The NBA is quickly learning this is who Tom Dundon is
Send this to your NBA friends.
Unlike most pieces at this site, this aimed toward more of an NBA audience.
Now I don’t really watch the NBA, I do tune in for the NBA Finals each season, but being a hockey writer the head-to-head schedules have made it close to impossible for me to pay much attention.
So, when I saw the multitude of headlines about the Portland Trailblazers and their new owner, Tom Dundon, and the shock about his cost-cutting tactics including not sending their team reporter, photographer, and two-way players on the road for the playoffs, I was kind of surprised, frankly, at the surprise.
Maybe I’m nose blind to it or it’s my naivety, but as someone who’s covered the NHL, this was simply others realizing who and what Dundon is and it tends to mirror what’s happened with the Carolina Hurricanes, a team he’s owned since 2018.
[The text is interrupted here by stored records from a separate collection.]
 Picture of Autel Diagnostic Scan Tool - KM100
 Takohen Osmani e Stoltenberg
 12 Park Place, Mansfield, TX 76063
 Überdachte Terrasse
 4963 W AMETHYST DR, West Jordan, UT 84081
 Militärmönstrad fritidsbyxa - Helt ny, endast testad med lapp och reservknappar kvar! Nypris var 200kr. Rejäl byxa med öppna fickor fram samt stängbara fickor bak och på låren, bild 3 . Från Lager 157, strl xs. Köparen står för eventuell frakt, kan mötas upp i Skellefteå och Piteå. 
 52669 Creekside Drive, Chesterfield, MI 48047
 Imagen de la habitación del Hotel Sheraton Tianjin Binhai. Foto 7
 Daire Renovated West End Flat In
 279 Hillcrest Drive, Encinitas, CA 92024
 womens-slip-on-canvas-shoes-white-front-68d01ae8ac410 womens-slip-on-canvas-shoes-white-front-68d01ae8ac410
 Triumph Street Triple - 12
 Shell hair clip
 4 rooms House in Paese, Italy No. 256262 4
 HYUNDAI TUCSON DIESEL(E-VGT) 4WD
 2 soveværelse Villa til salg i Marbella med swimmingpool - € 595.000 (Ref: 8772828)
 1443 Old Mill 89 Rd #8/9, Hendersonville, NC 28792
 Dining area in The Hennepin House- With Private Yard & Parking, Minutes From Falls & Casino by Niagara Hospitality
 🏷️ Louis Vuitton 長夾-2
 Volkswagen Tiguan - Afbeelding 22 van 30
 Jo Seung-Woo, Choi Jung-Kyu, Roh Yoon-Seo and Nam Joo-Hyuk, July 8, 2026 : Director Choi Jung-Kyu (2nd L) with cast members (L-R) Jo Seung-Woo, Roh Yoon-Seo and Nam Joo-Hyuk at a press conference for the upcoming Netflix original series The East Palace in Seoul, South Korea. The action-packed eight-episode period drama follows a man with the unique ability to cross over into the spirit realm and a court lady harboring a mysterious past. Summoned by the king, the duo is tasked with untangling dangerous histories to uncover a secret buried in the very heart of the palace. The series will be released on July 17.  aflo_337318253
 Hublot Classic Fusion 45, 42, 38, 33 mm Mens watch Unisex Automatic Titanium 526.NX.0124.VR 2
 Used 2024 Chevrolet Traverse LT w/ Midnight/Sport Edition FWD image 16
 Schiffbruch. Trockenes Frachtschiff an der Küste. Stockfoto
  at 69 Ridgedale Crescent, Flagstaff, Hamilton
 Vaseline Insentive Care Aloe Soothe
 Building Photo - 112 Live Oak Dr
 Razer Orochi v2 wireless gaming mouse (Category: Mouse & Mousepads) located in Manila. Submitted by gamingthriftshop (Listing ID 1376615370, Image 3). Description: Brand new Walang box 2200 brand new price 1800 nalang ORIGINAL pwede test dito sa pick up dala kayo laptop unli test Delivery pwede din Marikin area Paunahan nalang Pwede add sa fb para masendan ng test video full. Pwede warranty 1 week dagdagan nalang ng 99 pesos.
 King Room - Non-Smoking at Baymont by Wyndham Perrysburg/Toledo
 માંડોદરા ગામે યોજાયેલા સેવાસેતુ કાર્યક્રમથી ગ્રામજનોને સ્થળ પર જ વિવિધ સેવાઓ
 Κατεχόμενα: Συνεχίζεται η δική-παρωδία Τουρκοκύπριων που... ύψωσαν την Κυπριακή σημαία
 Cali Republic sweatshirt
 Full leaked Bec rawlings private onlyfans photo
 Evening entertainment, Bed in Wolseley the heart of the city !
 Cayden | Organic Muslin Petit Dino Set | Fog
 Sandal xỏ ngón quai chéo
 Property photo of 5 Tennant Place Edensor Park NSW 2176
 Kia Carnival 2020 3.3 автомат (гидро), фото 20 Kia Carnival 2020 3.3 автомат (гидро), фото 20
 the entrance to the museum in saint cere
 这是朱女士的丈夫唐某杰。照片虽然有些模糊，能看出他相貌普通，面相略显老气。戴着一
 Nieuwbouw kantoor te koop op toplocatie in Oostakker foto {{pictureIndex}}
Dundon is blunt, doesn’t care what you think about him, and doesn’t like spending money on things that don’t really impact the product on the ice (or now the court). In Carolina, John Forslund had been the voice of hockey since it moved there from Hartford, once Dundon took over he eventually left for Seattle, despite his family living in Raleigh for while after the move, because the Hurricanes wanted to turn him from a full-time employee into an independent contract with salary based on team attendance.
The Hurricanes also have reportedly paid their off-ice staff less than others and at NHL events I’ve been to, like the NHL Draft, it’s become a running joke that Hurricanes scouts are often — not always — in the most cost-efficient hotel compared to their peers from other teams. The Hurricanes also had an awkward one-year divorce from their AHL affiliate, the Chicago Wolves, largely over cost distributions, a situation that only developed after they had a prior cost-related dispute with their former AHL affiliate, the Charlotte Checkers, that is actually in their home state.
From a coaching perspective, multiple sources have told me that coaches in Carolina make anywhere from 10 to 20 percent below market rate, and that was only made public when Rod Brind’Amour’s contract details became slightly more public in his push for a larger deal to remain the head coach and then signed an extension in 2024.
I’ve also spoken to Dundon directly multiple times, he doesn’t hide from the media in my experiences and doesn’t have any qualms with being blunt. He told me directly that if he had his way, he’d put more jersey advertisements on the Hurricanes sweater, almost NASCAR-esque, and that from a revenue-driving perspective he had several ideas that would upset typical NHL status quo.
Now, players are largely protected from this, I’ve spoken to many Hurricanes players over the years and the cost-cutting rarely impacts them. They are paid well, the Hurricanes spend to the salary cap, and Dundon is willing to put the money into the 20 individuals that will wear the jersey that evening. But the surrounding stuff, like broadcasts or team photographers (in the Trailblazers case), can often be down just as well, business-wise, by independent contractors or someone willing to work for less.
That’s one of the worst-kept secrets about the sports industry, it creates millionaires and billionaires, but unless you have keys to the owners suite or are one of the players, it’s not too hard to find someone that can do your job for cheaper, especially if production on the playing surface isn’t going to matter.
Look at the Trailblazers’ recent decisions, while it’s pretty nasty of them not to bring the players on two-way contracts like every other NBA team, it’s also not really going to impact whether they win or lose their series with the Spurs. And while how two-way players were treated will be remembered by some players, the reality is most NHL and NBA deals are typically decided by money and term, not how players were treated at the minor-league/tweener levels.
The other thing that I can’t help but bring up and I think hasn’t been brought up enough in the Dundon/Trailblazers coverage is the fact that the Hurricanes are extremely lucky that Brind’Amour loves the Hurricanes. Brind’Amour worked below his market rate and still works below his market, he’s one of the best coaches in the NHL on a year-over-year basis, has built a culture, and isn’t paid like a Todd McClellan or Pete DeBoer.
When I read stories about the Trailblazers and I read the passing line that Dundon has built a winning organization in Carolina I have to scoff at it, because it’s missing the vital context that Brind’Amour really built that culture and was willing to do so at a pay scale that hasn’t always reflected his true value.
I don’t know the NBA well enough, but are the Trailblazers going to find their version of Rob Brind’Amour? I have a hard time believing that’s even possible.
Most of what I’ve written here is pretty public knowledge in NHL circles. Dundon is different and isn’t shy about it, and what he’s doing in Portland isn’t any different than what he’s done in Raleigh with the Hurricanes.
The NBA, I can only imagine, had to know this about Dundon when he purchased the team. Gary Bettman still has many close ties to the NBA and I would be stunned if NBA executives didn’t at least check in with Bettman and other NHL brass about what type of person they’d be inviting to the owner’s meetings.
Whether you think Dundon is right or wrong isn’t really the point.
The point is that none of this is new. And if the NBA is surprised, it didn’t do enough homework.